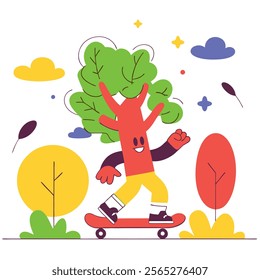 A vibrant, retro-style illustration of a cartoon tree character skateboarding. Perfect for websites, blogs, children's books, apparel, and other projects needing a fun, whimsical touch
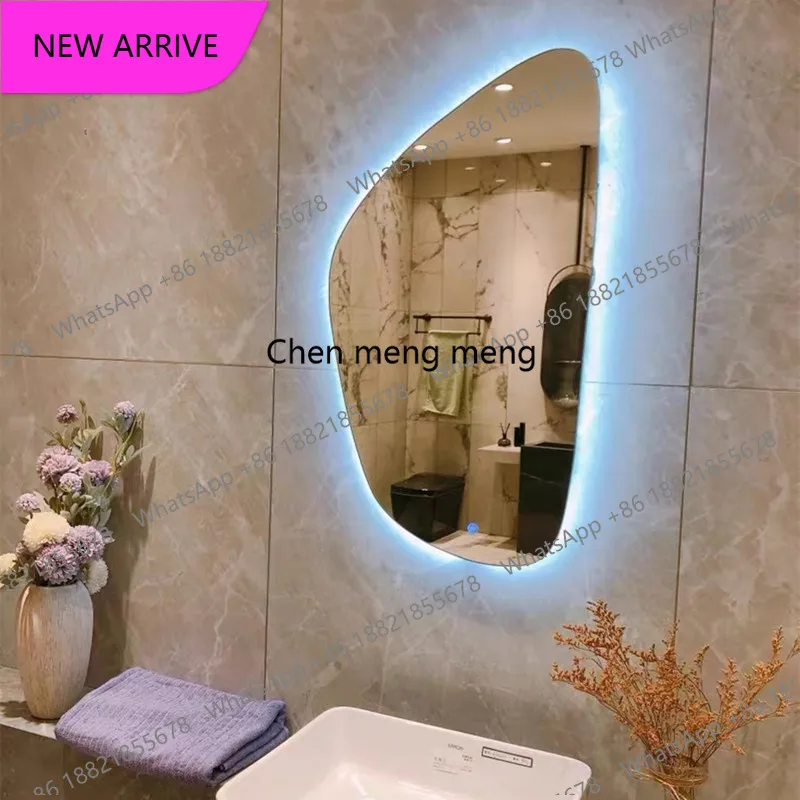 a139 Nordic smart led bathroom mirror toilet creative wall mirror special-shaped makeup mirror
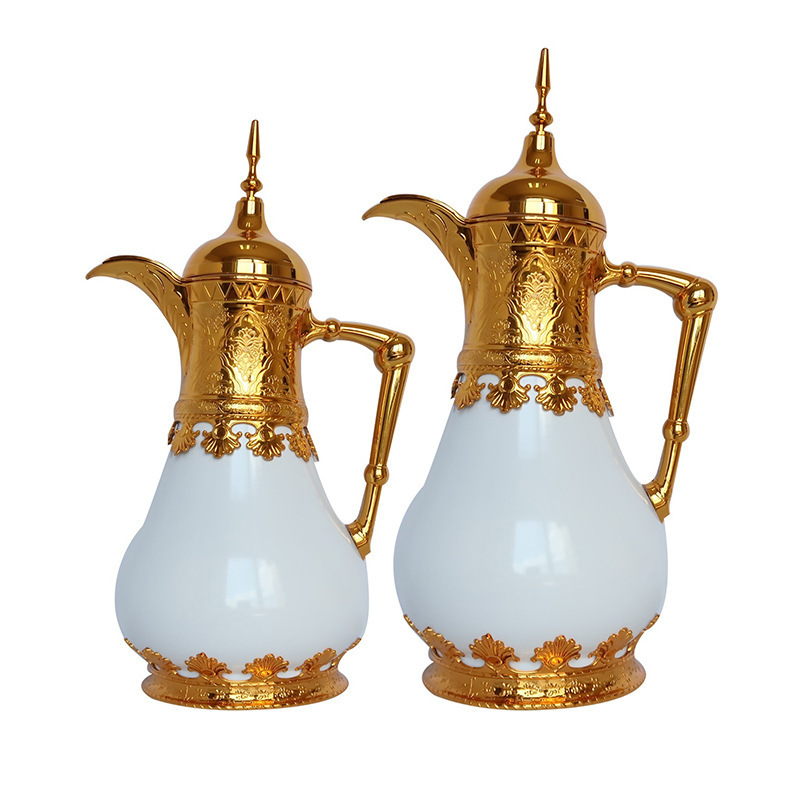 Wholesale 500ml- 800ml Luxury Gold Plated Heat-Preservation Vacuum Flask Thermos Coffee Jug Sets Arabic Dallah Teapot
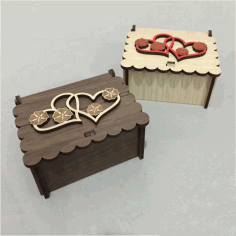 Laser Cut Heart Wooden Box Free Vector File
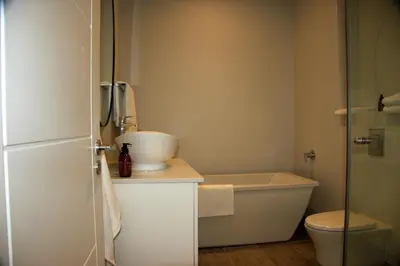 a bathroom with a sink and a toilet at Franschhoek Mountain Views in Franschhoek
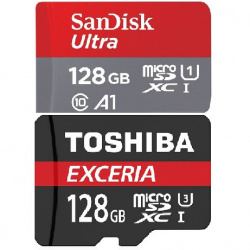 microSDXC карты памяти SanDisk Ultra и Toshiba Exceria 128Gb по 39 долларов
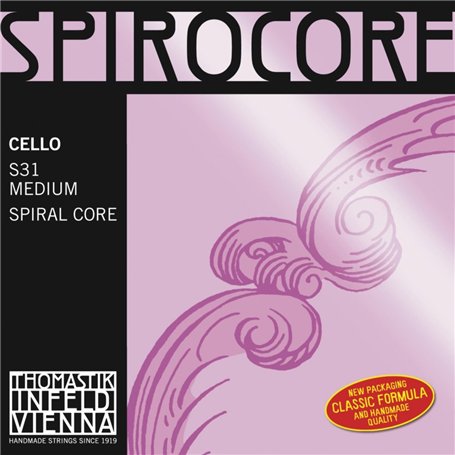 Cordes Thomastik Violoncelle Spirocore Noyau spirale Sol Argent filé. 4/4; Souple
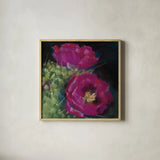 Blooming Succulent III by Carol Rowan. Shown in a natural wood glass frame for a timeless modern aesthetic. Available as an archival giclee rolled canvas, fine art paper, or poster print. SKU 38633a.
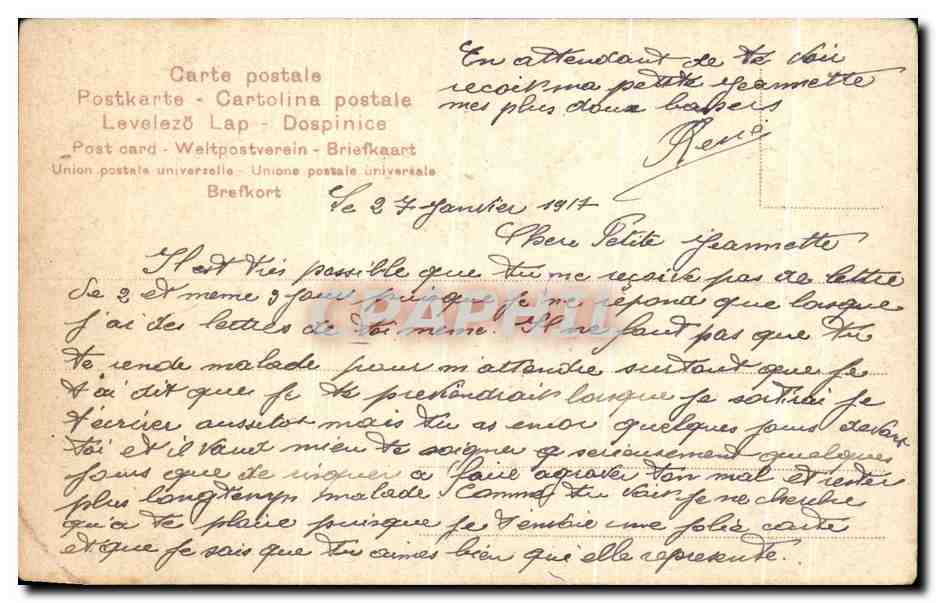 CPA Sarto Joseph Patriarca Patriarca de Vensie Pape elu le 4a out 1903 — Reverso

::::::

• [Your assignment]: Here the lines from the one containing "microSDXC карты памяти" through the end of the material are to be copied exactly, with the pictures omitted.

• [Response]:
 microSDXC карты памяти SanDisk Ultra и Toshiba Exceria 128Gb по 39 долларов
 Cordes Thomastik Violoncelle Spirocore Noyau spirale Sol Argent filé. 4/4; Souple
 Blooming Succulent III by Carol Rowan. Shown in a natural wood glass frame for a timeless modern aesthetic. Available as an archival giclee rolled canvas, fine art paper, or poster print. SKU 38633a.
 CPA Sarto Joseph Patriarca Patriarca de Vensie Pape elu le 4a out 1903 — Reverso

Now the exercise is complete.